A huge fire throws its yellow, fitful light upon the
grim spectre-like objects that bound, leap, yell and howl, bend and
pass, aim their weapons, and using their tomahawks in a mimic warfare,
a hideous pantomine, around and across the blaze. Their gesticulations
summon up visions of murder, horror, scalps, bleeding and dangling at
their belts, human hearts and heads fixed upon their spears; their
yells resemble at times the long and distant howl of a pack of
famished wolves, when on the track of some hapless deer; and again
their cries, their forms, their actions, their very surroundings could
be compared to nothing else than some infernal scene, wherein the
demons are frantic with hell, inflamed passions.
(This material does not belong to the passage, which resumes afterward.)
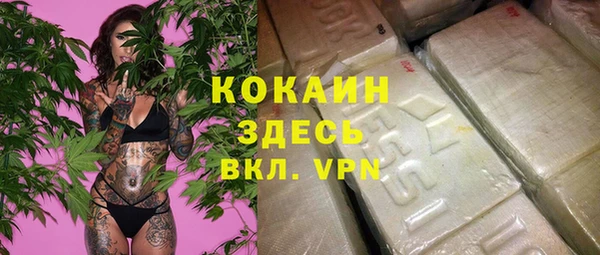 ПСИЛОЦИБИНОВЫЕ ГРИБЫ Абаза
Each one might bear
Milton's description in his "Paradise Lost," of Death:
"The other shape--
If shape it might be called, that shape had none,
Distinguishable, in member, joint or limb:
* * * * *
black it stood as night.
Fierce as ten Furies, terrible as hell,
And shook a dreadful dart.--"
And the union of all such beings might also be described in the words
of the same author.
"The chief were those who from the pit of hell,
Roaming to seek their prey on earth, durst fix
Their seats; long after, next the seat of God,
Their altars, by his altar; gods adored
Among the nations round; and durst abide
Jehovah thundering out of Sion, throned
Between the cherubim; yea of 'en placed
Within his sanctuary itself their shrines,
Abominations: and with cursed things
His holy rites and solemn feasts profaned.